In our culture and in our flesh, we love flashy beginnings. As of this year, the wedding industry brought in a staggering $57.9 billion dollars. We love a good grand opening or ribbon cutting. But biblically-speaking, how people end their lives is far more significant than how they begin.
Often, when we think of King David, we imagine him standing with his sling before a toppled Goliath. Or we think of him being set apart as the future king and selected from among his older brothers by Samuel. Perhaps we think of his massive failures which included adultery, murder, and cover-up. Maybe we remember him fleeing from his life from his best friend’s maniacal father, hiding in caves.
While David’s entire life is both fascinating and instructing, I find the David at the end of his life most compelling and comforting. Don’t get me wrong. It’s not all sunshine and rainbows at the end of David’s life. In fact, the aged, well-seasoned David continued to struggle with sin.
David’s Latter Days
In 1 Chronicles 21, Satan incited David, through his pride, to instigate a census of Israel. While that does not sound like the stuff of scandal or sin to us, the scheme was a prideful attempt to show his power and prowess as a leader. Joab, the leader of Israel’s army, sought to warn him against this selfish scheme, saying, “May the Lord add to his people a hundred times as many as they are! Are they not, my lord the king, all of them my lord’s servants? Why then should my lord require this? Why should it be a cause of guilt for Israel?” (1 Chron. 21: 3).
Even Joab’s cunning appeal which sought to steer David’s decision through his idolatry of pride and power failed; for “the king’s word prevailed against Joab” (1 Chron. 21:4). David would have his way, would force his will, and his people would experience the consequences. At this point in his life, we wonder if David will ever learn his lessons.
Thankfully, the Scriptures don’t leave us with this David. The same David whose heart was pricked by the skillful prodding of Nathan and whose repentance penned Psalm 51 received the Lord’s correction. He recognized the staggering effects his selfishness had on the people whom he was supposed to be serving.
“And David said to God, ‘Was it not I who gave command to number the people? It is I who have sinned and done great evil. But these sheep, what have they done? Please, let your hand, O Lord, my God, be against me and against my father’s house. But do not let the plague be on your people.’ (1 Chron. 21:17).
In fact, in the very place where the angel of the Lord graciously relented of the plague (the threshing field of Ornan), David devised an elaborate plan to build a temple to the Lord’s name and for the Lord’s glory.
Do you see what I see? Do you see a very different David?
A Very Different David
Yes, he still messed up royally (pun intended) even when he was well-advanced in the process of maturing in the Lord.
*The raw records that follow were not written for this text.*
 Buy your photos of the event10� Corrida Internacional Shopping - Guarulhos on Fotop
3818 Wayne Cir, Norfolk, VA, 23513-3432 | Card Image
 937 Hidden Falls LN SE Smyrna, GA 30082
But I find his repentance and recognition of sin to be a powerful encouragement.
He went from being the kind of man who, though owning flocks of sheep, would steal the one beloved sheep of another man (Nathan’s story which convicted David of his sin with Bathsheba) to the kind of shepherd who says, “Punish me, not the sheep.”
He went from slyly stealing that which was not his (an abuse of his power and position as king) to paying full price to Ornan for the land which would be reserved for God’s temple (1 Chron. 21:22–24).
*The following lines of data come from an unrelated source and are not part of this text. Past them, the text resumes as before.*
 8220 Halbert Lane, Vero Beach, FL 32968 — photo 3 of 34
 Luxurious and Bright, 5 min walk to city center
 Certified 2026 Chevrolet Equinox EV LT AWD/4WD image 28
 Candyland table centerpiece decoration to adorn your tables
He went from wanting to count heads to ensure his own enduring legacy to spending the rest of his life making elaborate plans to ensure the legacy of God’s great name. He went from forcing his own will and plans and desires to accepting the Lord’s will, plans, and desires, even when those shattered his own. Multiple times at the end of his life, and once in front of the gathered people of Israel, David showed that God’s will carried far more weight than his own (1 Chron. 22:6–10; 1 Chron. 28:2–8).
He admitted the depth of his own desire to build the Temple for God himself, but he also submitted to God who said his son would be the one to build the Temple. Rather than push though, chasing his own desire, or sit and pout, David poured himself into preparations for the Temple. He had blueprints drawn up, he gathered all the building materials, he coached up his son, Solomon.
David learned his lessons. It took an entire lifetime, but he learned. This gives me great comfort. For the same master who trained David trains us. This reality left me in tears as I studied the end of 1 Chronicles this week.
Glory to the Master, Not the Pupil
God’s disciples will learn their lessons (Luke 6:40). God will finish the work he began in us (Phil. 1:6).
As a woman who sees the scary strength of her own will and longs to place more weight on God’s better will than my own, the mastery of the Master gives me hope.
As a mother of teenagers who is constantly wondering when my children will learn, the mastery of the Master settles my worried heart.
As the wife of a pastor who seeks to shepherd a young flock in an arid spiritual terrain in the midst of massive cultural and spiritual warfare, the mastery of the Master emboldens me to stay the course.
Stay the course, my sin-weary and world-weary friends. Trust your Master and teacher. Receive his discipline as true sons and daughters (Hebrews 12: 5–11). Don’t begin to believe the lie that he is a hard master. Trust his heart for you is for your good and his glory.